Moraes decidiu manter o inquérito, que foi prorrogado por mais 90 dias. 

O que diz a lei?
Pelo Código de Processo Penal, o arquivamento de um inquérito passa pela avaliação do juiz (artigo 28). No mesmo sentido, o Regimento Interno do STF dispõe que é atribuição do relator determinar a abertura ou o arquivamento de um inquérito quando a Procuradoria assim requerer (artigo 21).

O que Dodge afirma é que, em casos em que o Ministério Público aponta a impossibilidade de abrir ação penal sem violar o devido processo legal, só resta ao juiz determinar o arquivamento.

O que pode acontecer agora?
Há a expectativa de que o arquivamento do inquérito e medidas relacionadas a ele sejam discutidos no plenário, pelos 11 ministros.

Um caminho para que isso aconteça é Dodge recorrer da decisão individual de Moraes de não arquivar a investigação, como ela queria. A procuradora-geral pode pedir que o ministro reconsidere ou, se assim não for, que remeta o caso ao colegiado.

Outro meio é por questionamentos feitos em processos separados, como um ajuizado pela Rede e outro pela ANPR (associação dos procuradores), que argumentam que o inquérito desrespeitou o ordenamento jurídico.

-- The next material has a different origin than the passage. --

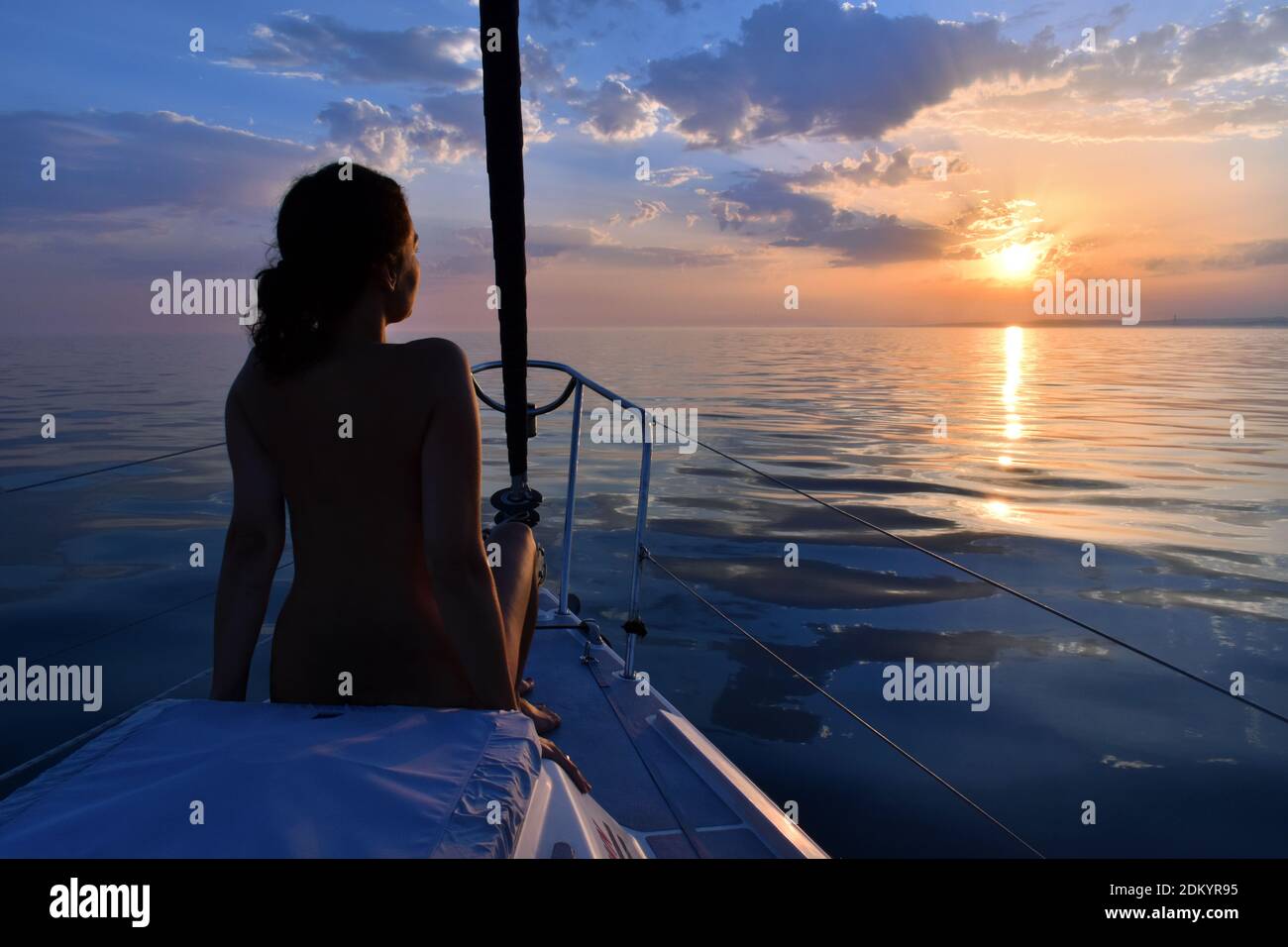 Woman relaxing on sailboat during serene sunset at sea Stock Photo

Quais as chances de o inquérito se transformar em ação penal?
Para que isso aconteça, é preciso que o Ministério Público apresente a denúncia, e Dodge defende o arquivamento. Se a posição da procuradora-geral não mudar, o inquérito não deve resultar em punições.

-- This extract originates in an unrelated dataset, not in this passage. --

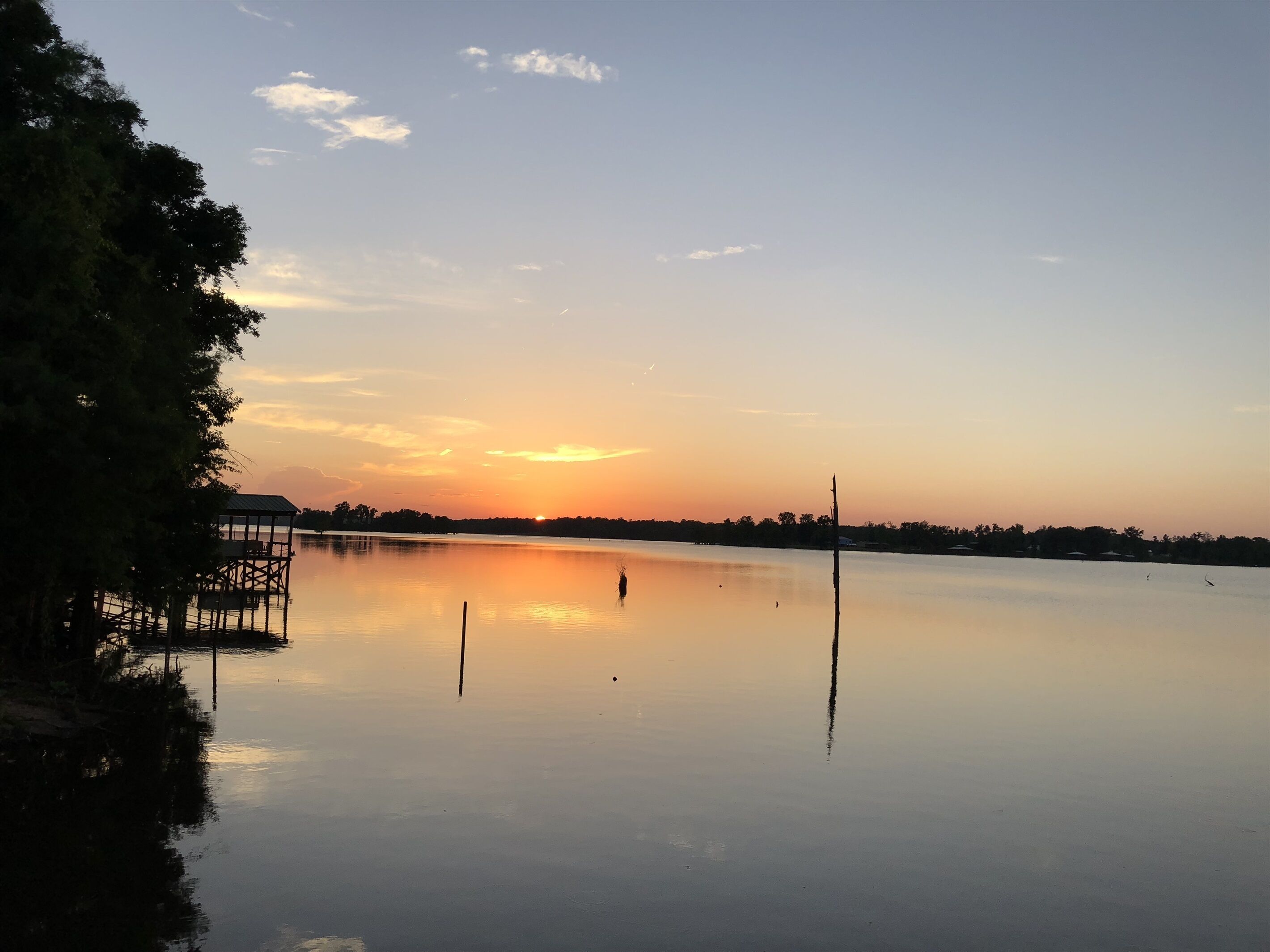 Un lago tranquilo al atardecer con un muelle y árboles.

Moraes, no entanto, disse anteriormente que não caberá à PGR oferecer eventuais denúncias. As provas coletadas deverão ser enviadas para membros do Ministério Público que atuam na primeira instância no local onde os supostos crimes tiverem sido cometidos.

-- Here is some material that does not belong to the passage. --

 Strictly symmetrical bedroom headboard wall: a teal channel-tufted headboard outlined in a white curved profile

Que pontos do inquérito estão sendo questionados?

Ato de ofício
Toffoli abriu o inquérito sem provocação de outro órgão, o que é incomum. Segundo o STF, porém, há um precedente: uma investigação aberta de ofício pela 2ª Turma no ano passado para apurar o uso de algemas na transferência de Sérgio Cabral (MDB-RJ).

Competência
A investigação foi instaurada pelo próprio Supremo, quando, segundo críticos, deveria ter sido encaminhada para o Ministério Público. O argumento é que o órgão que julga não pode ser o mesmo que investiga, pois isso pode comprometer sua imparcialidade.

Relatoria
O presidente da corte designou o ministro Alexandre de Moraes para presidir o inquérito, sem fazer sorteio ou ouvir os colegas em plenário. Moraes vai determinar as diligências investigativas.

Foro
O que determina o foro perante o STF é quem cometeu o delito, e não quem foi a vítima. Para críticos, a investigação não deve correr no Supremo se não tiver como alvo pessoas com foro especial. Moraes disse que, localizados os suspeitos, os casos serão remetidos às instâncias responsáveis por julgá-los.

Regimento
Toffoli usou o artigo 43 do regime interno do STF como base para abrir a apuração. O artigo diz que, “ocorrendo infração à lei penal na sede ou dependência do Tribunal, o presidente instaurará inquérito”. Críticos dizem que os ataques pela internet não são na sede do Supremo, mas Toffoli deu uma interpretação ao texto de que os ministros representam o próprio tribunal.

Liberdade de expressão
Moraes pediu o bloqueio de redes sociais de sete pessoas consideradas "suspeitas de atacar o STF". A decisão tem sido criticada por ferir o direito à liberdade de expressão. O mesmo pode ser dito sobre a censura à Crusoé e ao site O Antagonista.